Dünyanın tüm ulusları Bana (Yaradan'a) aittir, sizin olduğunuz gibi ve sonunda Bana tutunacaklar. Ancak henüz bu görevi gerçekleştiremeyeceklerinden erdemli bir halka ihtiyacım var. Eğer seçilmiş halk olmayı kabul ederseniz, o zaman sizin benim için İbadet edenler krallığı olmanızı emredeceğim, ki bu başkalarını sevmenin nihai formudur: "dostunu kendin gibi sev."

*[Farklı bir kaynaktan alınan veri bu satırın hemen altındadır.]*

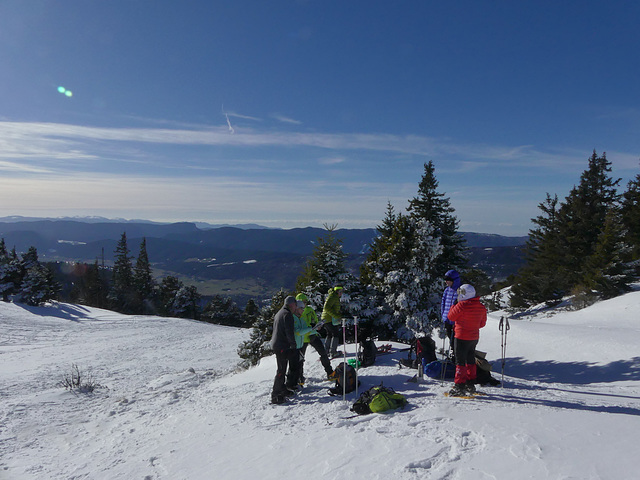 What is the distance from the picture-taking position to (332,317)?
10516mm

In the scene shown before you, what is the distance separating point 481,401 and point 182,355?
19.5 metres

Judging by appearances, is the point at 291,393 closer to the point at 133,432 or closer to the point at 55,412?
the point at 133,432

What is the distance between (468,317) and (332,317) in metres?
4.54

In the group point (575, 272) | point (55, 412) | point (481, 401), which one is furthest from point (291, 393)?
point (575, 272)

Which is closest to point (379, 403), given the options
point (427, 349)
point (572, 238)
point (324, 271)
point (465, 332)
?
point (465, 332)

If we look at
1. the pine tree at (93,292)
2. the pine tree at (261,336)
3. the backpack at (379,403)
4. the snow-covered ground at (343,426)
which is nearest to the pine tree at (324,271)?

"Barış" makalesinde, Baal HaSulam genel olarak insanların acı çekmesinin gerçek nedenini öğretiyor. Ulusun üyeleri arasında gerginliğe neden olan başkalarına karşı acımasız, egoist direncin her hangi bir insani taktikle durdurulamayacağını yazıyor. İnsanlığın kendisini Almanya ile uç sağa ve Rusya ile uç sola atmış olmasıyla, bir taraftan öbür tarafa dönen sınırsız ızdırap içindeki hasta bir insan gibi olduğumuzu açıkça görebiliyoruz. Durumu rahatlatmak bir yana acıyı azdırdılar ve hepimizin bildiği gibi haykırışları göklere çıkıyor. 

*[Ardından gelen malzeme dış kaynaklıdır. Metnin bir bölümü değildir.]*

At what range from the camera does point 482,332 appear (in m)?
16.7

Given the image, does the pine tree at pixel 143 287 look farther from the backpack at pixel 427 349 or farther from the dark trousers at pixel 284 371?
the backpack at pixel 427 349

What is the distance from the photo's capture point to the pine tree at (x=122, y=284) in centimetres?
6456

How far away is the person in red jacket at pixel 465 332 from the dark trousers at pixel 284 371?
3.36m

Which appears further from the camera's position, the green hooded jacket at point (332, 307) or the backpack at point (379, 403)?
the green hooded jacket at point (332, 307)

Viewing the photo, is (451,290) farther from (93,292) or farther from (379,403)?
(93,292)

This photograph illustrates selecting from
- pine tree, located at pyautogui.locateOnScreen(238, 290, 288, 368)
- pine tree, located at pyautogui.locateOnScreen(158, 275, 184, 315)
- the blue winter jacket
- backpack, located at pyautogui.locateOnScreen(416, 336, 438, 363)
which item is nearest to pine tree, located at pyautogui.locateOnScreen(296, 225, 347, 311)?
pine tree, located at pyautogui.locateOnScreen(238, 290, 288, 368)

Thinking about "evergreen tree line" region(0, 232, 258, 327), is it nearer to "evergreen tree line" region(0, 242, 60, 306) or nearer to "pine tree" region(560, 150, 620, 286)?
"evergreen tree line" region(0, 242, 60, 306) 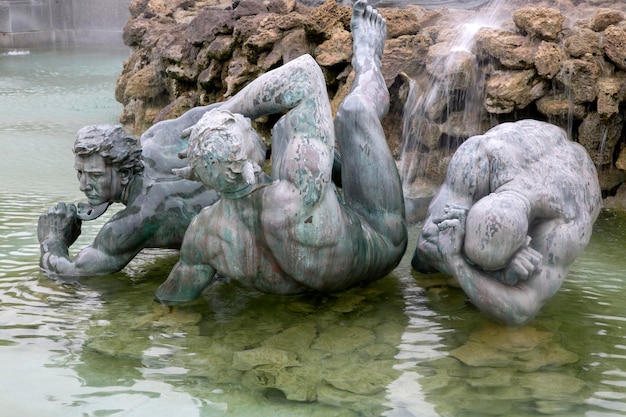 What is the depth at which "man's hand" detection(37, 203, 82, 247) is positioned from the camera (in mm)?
4324

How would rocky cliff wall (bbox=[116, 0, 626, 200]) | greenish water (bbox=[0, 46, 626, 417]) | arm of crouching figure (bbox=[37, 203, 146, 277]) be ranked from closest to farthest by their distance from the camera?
greenish water (bbox=[0, 46, 626, 417]) → arm of crouching figure (bbox=[37, 203, 146, 277]) → rocky cliff wall (bbox=[116, 0, 626, 200])

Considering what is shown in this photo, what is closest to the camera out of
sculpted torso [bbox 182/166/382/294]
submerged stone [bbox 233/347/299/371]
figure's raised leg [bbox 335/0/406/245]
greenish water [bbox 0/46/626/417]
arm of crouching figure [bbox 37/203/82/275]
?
greenish water [bbox 0/46/626/417]

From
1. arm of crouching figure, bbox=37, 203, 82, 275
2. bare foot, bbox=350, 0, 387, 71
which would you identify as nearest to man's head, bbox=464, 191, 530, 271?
bare foot, bbox=350, 0, 387, 71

Baal HaSulam buradan kaçınılmaz sonuca gidiyor, yani insanların Yaratılışın öncesinde planlanmış olduğu gibi, Yaradan'ın yüklediği yükü kabul etmekten, Yaradan'ı bilmekten ve hareketlerini Yaradan'ın mutluluğuna ve amacın gerçekleştirilmesine yöneltmekten başka çareleri yok. Ve O'na hizmet ederken bunu yaptıklarında insanlığın içindeki tüm kıskançlık ve nefret yok olacak, zira o zaman insanlığın tüm üyeleri Yaradan bilgisiyle dolu olarak, tek bir bedende tek bir kalpte birleşecek. Dolayısıyla, dünya barışı ve Yaradan bilgisi tek ve aynı şeydir.

Baal HaSulam'ın bu üç makaledeki sözlerini özetlemek için birkaç belirgin mesaja dikkat çekebiliriz:

• Tüm Yaratılışın amacı bütün yaratılanların Yaratıcılarına tutunmasıdır. Böylece, kendi çabaları vasıtasıyla ebedi haz ve bütünlük ile ödüllendirilecekler.

• Bu amacı gerçekleştirmek sadece "Dostunu kendin gibi sev" yasasını gerçekleştirmekle mümkündür.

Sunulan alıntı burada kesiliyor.